Carl’s Jr. to try automated restaurant where customers ‘never see a person’ - kevindeasis
http://kfor.com/2016/03/17/carls-jr-ceo-wants-to-try-automated-restaurant-where-customers-never-see-a-person/
======
dalke
I'll repeat my comment from yesterday regarding a different report of the same
announcement, from
[https://news.ycombinator.com/item?id=11303318](https://news.ycombinator.com/item?id=11303318)
:

This article, like many of this type, let's the business be in control of the
content. When this happens, the article is much closer to a press release than
an informative news report. But hey, what should I expect in this day of
free^H^H^H^H advertiser-paid journalism?

Self-serve restaurants have been around for over a century. See
[https://en.wikipedia.org/wiki/Automat](https://en.wikipedia.org/wiki/Automat)
.

Thus, if a fast-food executive says that it's too expensive to pay employees,
a perfectly reasonable question should be "if employees are too expensive, how
is it that fast-food replaced automats in the US? And did so in an era when
the effective minimum wage was higher than now?"

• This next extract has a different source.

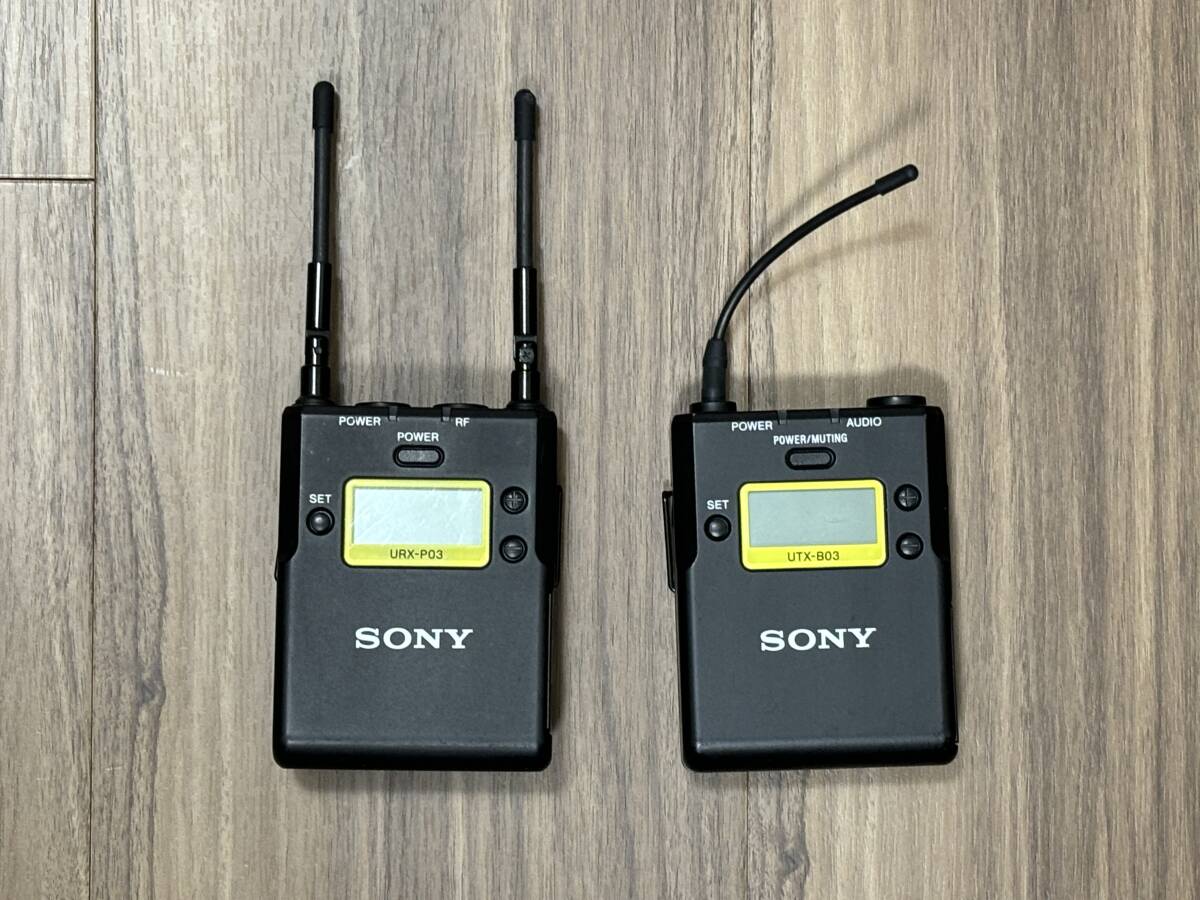 SONY UWP D-11 ワイヤレスセット【完動品】 - メルカリ｜その他 SONY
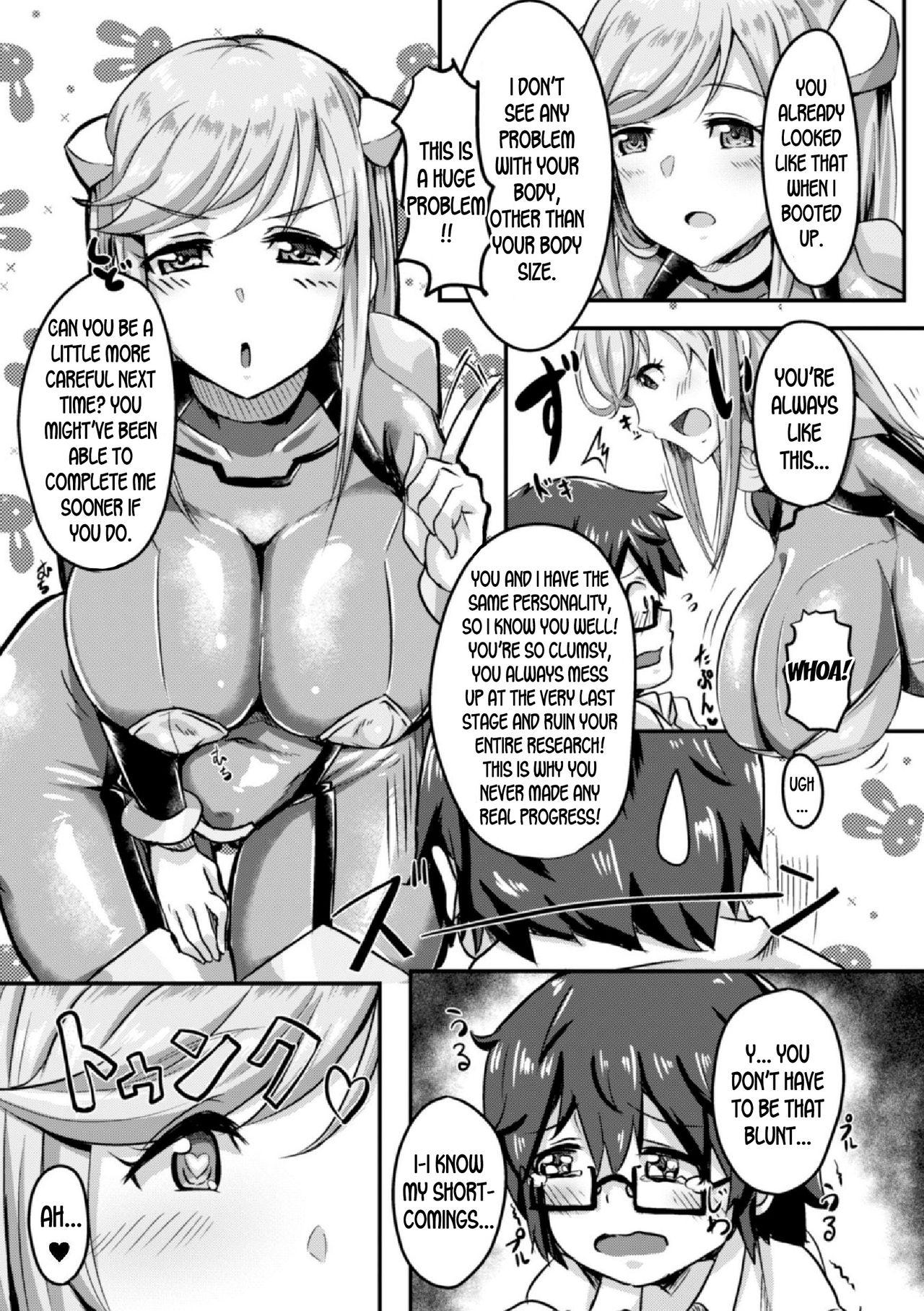 Childcare Android Gone Rogue! [Kirishima Ayu] 1 . Childcare Android Gone Rogue! - Chapter 1 [Kirishima Ayu] – page 5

FEBO is a popular fast-food company in the Netherlands with an automat
component. You'll note that the Netherlands has a national minimum wage of
1,508 € per month. The US national minimum wage is 1,155 € per month. (From
[http://countryeconomy.com/national-minimum-
wage](http://countryeconomy.com/national-minimum-wage) ). There are many non-
automat fast food companies, including Burger King and McDonalds.

Thus, if a fast-food executive says the minimum wage is too high to pay
employees, a perfectly reasonable question should be "if the minimum wage is
too high, how come fast food restaurants are profitable and even in countries
with a much higher minimum wage and competition from companies with automats?"